PROBLEM DETAILS ::
Here is a block of entries. Write out its lines exactly, from the first through the one containing "Kirsty-Leigh Porter Nøgen".
====== DATA LISTING ======
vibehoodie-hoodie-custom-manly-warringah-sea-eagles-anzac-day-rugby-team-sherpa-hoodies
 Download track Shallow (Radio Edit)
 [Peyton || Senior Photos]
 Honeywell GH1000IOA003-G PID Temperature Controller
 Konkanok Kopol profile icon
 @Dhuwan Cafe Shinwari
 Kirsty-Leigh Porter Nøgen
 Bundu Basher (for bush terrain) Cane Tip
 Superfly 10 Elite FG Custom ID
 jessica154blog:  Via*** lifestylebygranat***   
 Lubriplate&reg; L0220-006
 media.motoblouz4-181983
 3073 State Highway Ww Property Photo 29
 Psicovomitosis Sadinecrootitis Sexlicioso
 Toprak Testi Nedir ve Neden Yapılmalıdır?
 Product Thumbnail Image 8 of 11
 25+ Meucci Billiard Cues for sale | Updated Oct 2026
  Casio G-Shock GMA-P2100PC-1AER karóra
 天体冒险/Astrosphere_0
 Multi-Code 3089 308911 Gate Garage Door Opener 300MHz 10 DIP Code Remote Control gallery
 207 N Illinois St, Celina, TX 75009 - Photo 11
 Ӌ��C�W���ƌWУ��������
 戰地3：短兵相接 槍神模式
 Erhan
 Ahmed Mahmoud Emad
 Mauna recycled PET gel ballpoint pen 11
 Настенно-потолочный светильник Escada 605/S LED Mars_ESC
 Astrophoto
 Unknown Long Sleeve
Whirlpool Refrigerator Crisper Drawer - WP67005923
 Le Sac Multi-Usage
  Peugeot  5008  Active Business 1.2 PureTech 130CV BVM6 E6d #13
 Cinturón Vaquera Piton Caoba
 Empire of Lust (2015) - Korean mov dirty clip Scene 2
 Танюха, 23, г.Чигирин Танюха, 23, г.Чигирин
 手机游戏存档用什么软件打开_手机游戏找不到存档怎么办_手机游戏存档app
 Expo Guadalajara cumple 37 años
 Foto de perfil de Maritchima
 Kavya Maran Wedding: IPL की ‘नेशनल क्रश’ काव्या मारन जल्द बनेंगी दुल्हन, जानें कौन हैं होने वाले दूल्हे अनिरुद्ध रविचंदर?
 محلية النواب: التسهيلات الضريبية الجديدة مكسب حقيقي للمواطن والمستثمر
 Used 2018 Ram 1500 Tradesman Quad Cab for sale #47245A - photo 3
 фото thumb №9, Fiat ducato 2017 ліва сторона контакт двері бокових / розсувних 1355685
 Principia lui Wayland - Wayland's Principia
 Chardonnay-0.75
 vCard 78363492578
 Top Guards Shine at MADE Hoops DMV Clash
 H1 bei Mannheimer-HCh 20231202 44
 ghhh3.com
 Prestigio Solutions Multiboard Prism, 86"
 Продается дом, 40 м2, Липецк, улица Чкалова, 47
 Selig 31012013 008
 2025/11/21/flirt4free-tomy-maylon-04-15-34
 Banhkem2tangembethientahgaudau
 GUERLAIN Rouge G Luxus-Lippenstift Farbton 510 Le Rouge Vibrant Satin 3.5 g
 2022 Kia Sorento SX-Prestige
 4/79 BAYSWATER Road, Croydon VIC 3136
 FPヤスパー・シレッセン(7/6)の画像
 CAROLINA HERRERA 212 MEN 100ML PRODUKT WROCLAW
======
EXPECTED OUTPUT ::
vibehoodie-hoodie-custom-manly-warringah-sea-eagles-anzac-day-rugby-team-sherpa-hoodies
 Download track Shallow (Radio Edit)
 [Peyton || Senior Photos]
 Honeywell GH1000IOA003-G PID Temperature Controller
 Konkanok Kopol profile icon
 @Dhuwan Cafe Shinwari
 Kirsty-Leigh Porter Nøgen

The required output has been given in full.